A las siete de la mañana, cuando el mercado de Serraperera arranca como lo lleva haciendo desde hace décadas, Roser Puigdellívol levanta la persiana de Congelats Canigó, en Cerdanyola. El gesto es automático, aprendido a base de repetirlo durante años, pero detrás hay algo más que rutina: hay responsabilidad, números que cuadrar y una sensación de estar luchando constantemente contra el propio sistema. Roser no solo vende congelados, también es autónoma, gestiona un negocio familiar con casi medio siglo de historia y asume, en solitario, los costes y las incertidumbres de mantenerlo vivo.

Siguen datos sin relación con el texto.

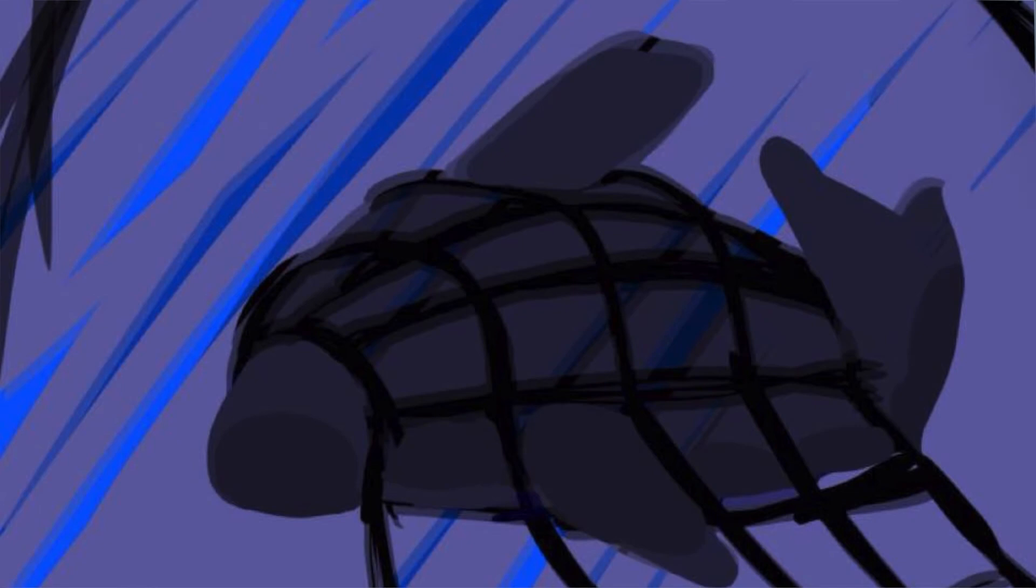And that is why our island of Guam today is narrow at the center.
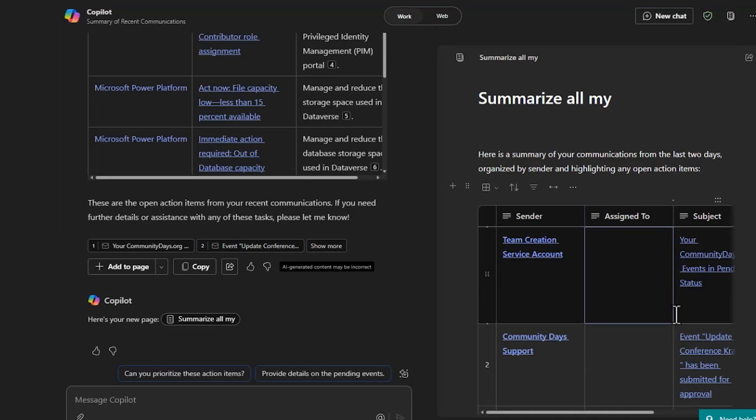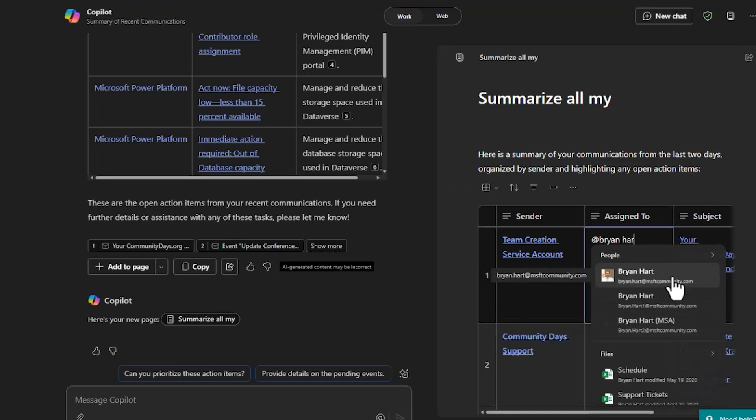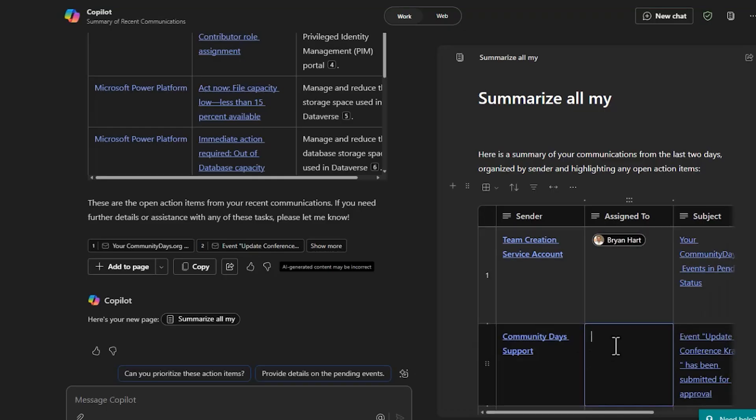Then I can take that and share that with other people. I can even assign things to other people. Hey, give me some more information about this. Do you have a report on that?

“Ser autónoma hoy en día es complicadísimo”, asegura en una entrevista para Guyana Guardian. No lo dice desde la queja, sino desde la experiencia de quien conoce bien la letra pequeña del sistema. Cuotas mensuales que no entienden que puede haber meses más flojos, inversiones obligatorias que llegan sin previo aviso y un consumo energético disparado que, en su caso, es imposible reducir: “Los congeladores gastan mucha electricidad. Si se va la luz, es un problema serio, y ayudas hay pocas. Y cuando las hay, muchas veces no entras”, explica.
Un negocio familiar
Preocupación por la falta de relevo generacional
El negocio de Roser no nació como una apuesta personal, sino como una herencia laboral. Fue su madre quien abrió la parada hace 48 años, cuando el congelado era casi una rareza y muchos clientes desconfiaban de aquel producto que no entendían. Roser creció entre cámaras frigoríficas, cajas y conversaciones de mercado, y hoy es ella quien sostiene el relevo, pero reconoce que no es fácil imaginar quién vendrá después. “A los jóvenes les cuesta entrar en un mercado. Los horarios, trabajar los sábados, madrugar… no lo ven atractivo”, apunta.
Tras casi 50 años, ‘Congelats Canigó’ sigue al frente del mercado de Cerdanyola
Además, a esa falta de relevo se le suma un contexto cada vez más exigente para los pequeños comercios y los autónomos: cambios normativos constantes, nuevas exigencias tecnológicas y gastos que llegan sin margen de adaptación. “Ahora hablan del V erifactu, que se ha aplazado hasta 2027, pero llegará. Cambiar balanzas cuesta unos 2.000 euros cada una. Todo suma”, dice. Por eso, cada inversión es una decisión que se toma con cuidado, pues saben que no siempre hay red de seguridad.
La paradoja es que, pese a todo, el mercado sigue siendo un espacio de confianza y fidelidad. Roser lo ve cada día en las clientas que vuelven, en quienes compran menos cantidad pero mejor producto y en las conversaciones que no se dan en un gran supermercado: “Aquí hay trato, hay consejo, hay relación. La gente prueba y repite. Es esa relación humana la que, de algún modo, compensa el esfuerzo”, explica.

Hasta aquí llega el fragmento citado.